The central idea for proof in the name table is that you can only ever add to it, and once you have added a string to it it can never be removed. In other words, any Name_Id
you have will always stay valid.
The internals
The basic concept of the name table is to have a unbounded array (implemented using Ada.Containers.Formal_Vector) containing characters, such as (f, o, o, b, a, r, ...). We then have an array that tells us how to produce strings from Name_Id
objects. Such a Name_Entry
is a small record:
type Name_Entry is record
Table_Index : Char_Table_Index;
Length : Positive;
end record;
And the name table (again, an instance of Formal_Vector
) is an array of these, for example:
1 => (Table_Index => 1,
Length => 3),
2 => (Table_Index => 4,
Length => 3),
3 => (Table_Index => 1,
Length => 6),
...
In this example Name_Id
1 to 3 represent the string 'foo', 'bar' and 'foobar' respectively.

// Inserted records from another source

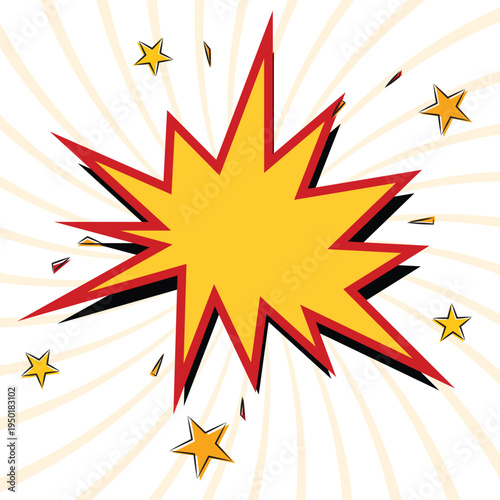 Surprising boom cloud with stars and lightnings in halftone background for sales and promotions. Banner template for surprises and bursting events. Vector illustration in pop art style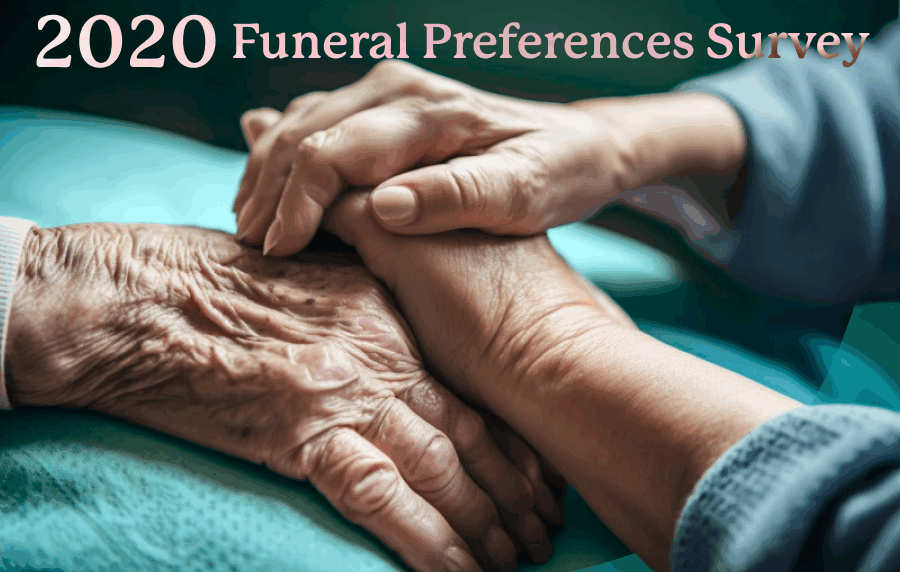 Elderly and younger hands clasped, 2020 Funeral Preferences Survey text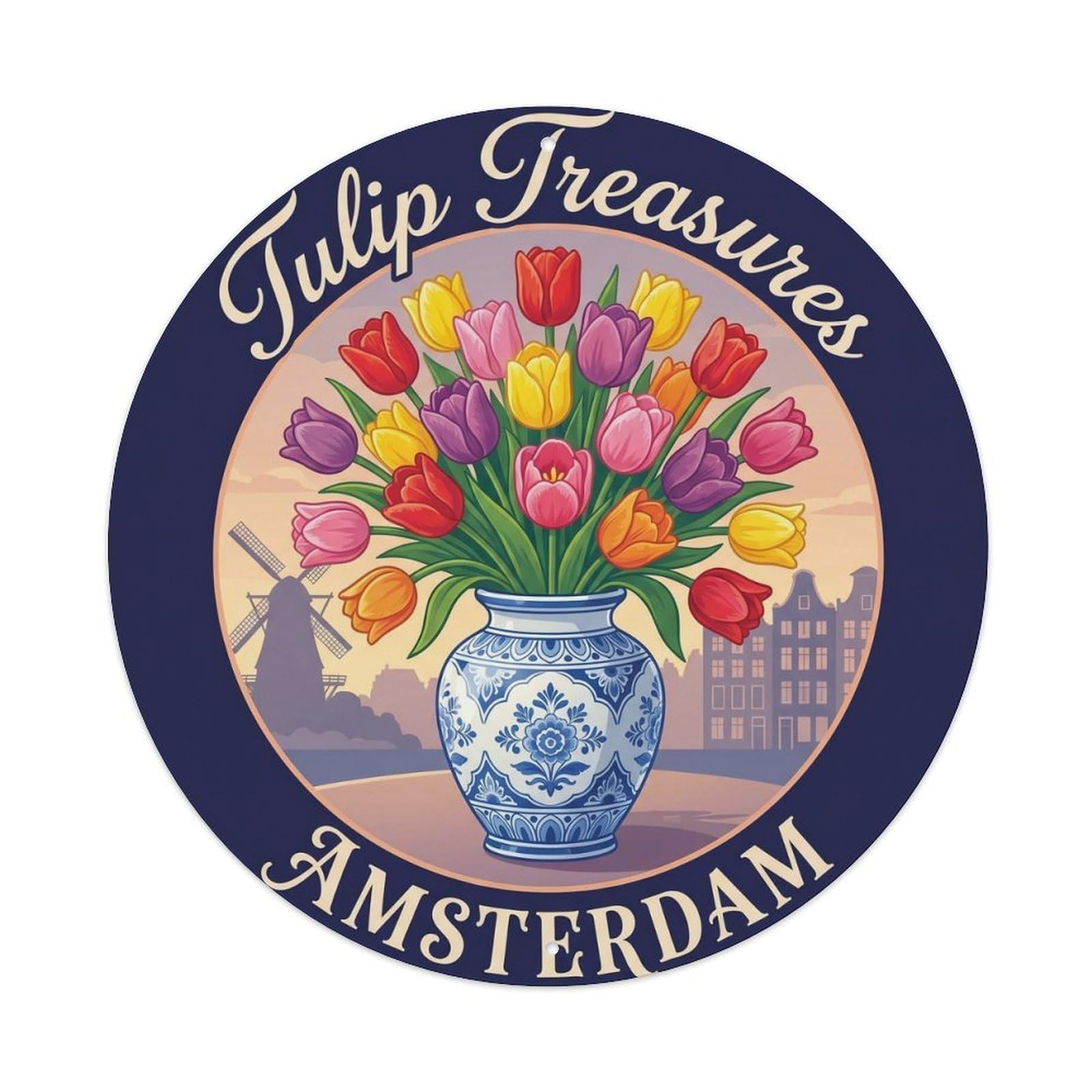 Vintage Travel Amsterdam Tulip Bouquet Metal Tin Sign Plaque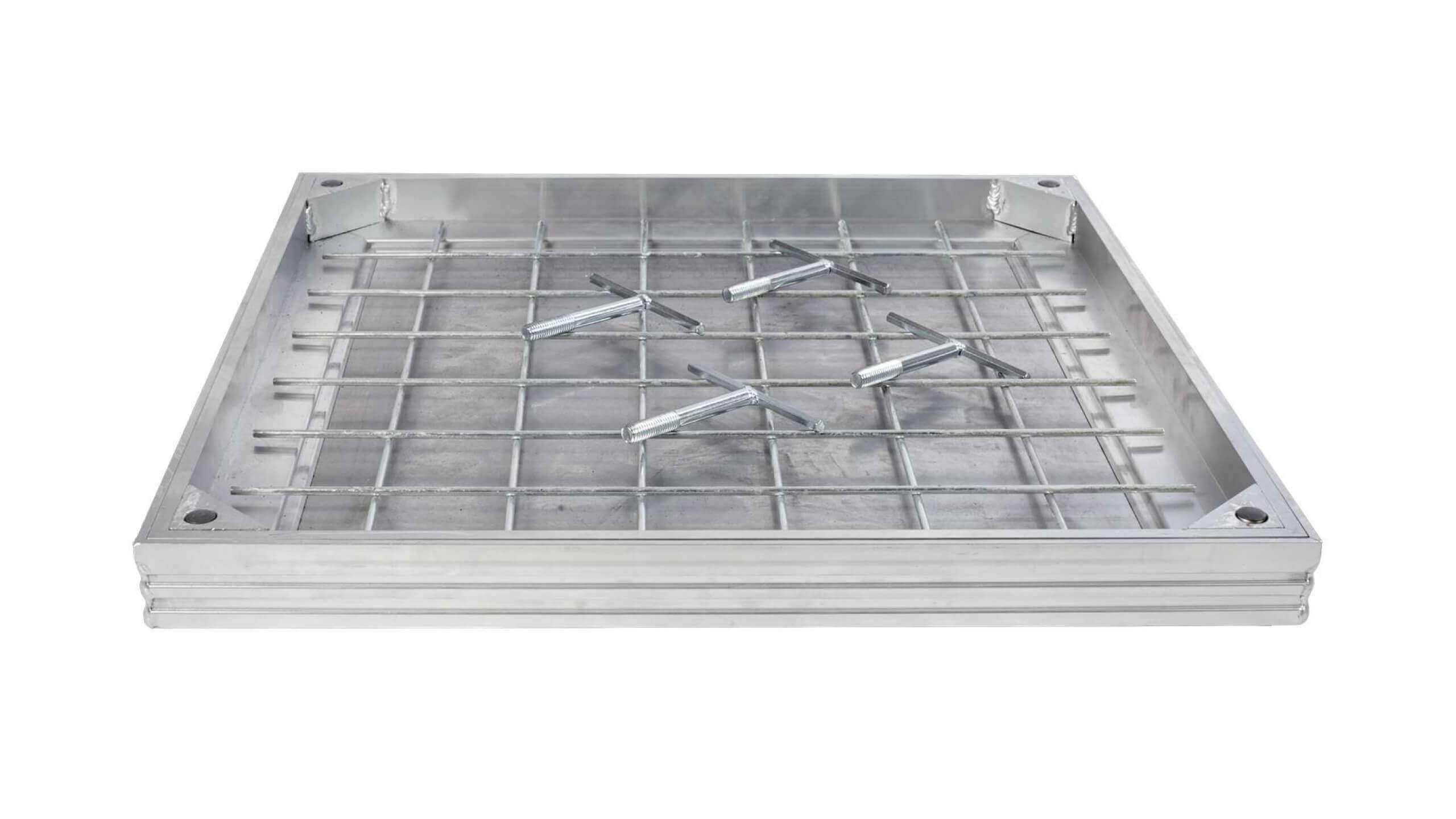 TSL Pro Line Aluminium Recessed Manhole Cover & Frame - 40mm Overall Depth - Triple Sealed (600 x 450 x 21mm Clear Opening)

It should be fairly obvious how to create this table, but its not terribly efficient. We either have a lot of duplicate entries (and then we lose the ability to test if two strings are equal by only comparing their Name_Id
), or we need to search the entire table for duplicates. The solution of course is to add a hash table on top of this, so we extend the Name_Entry
to also be a linked list for a hash bucket.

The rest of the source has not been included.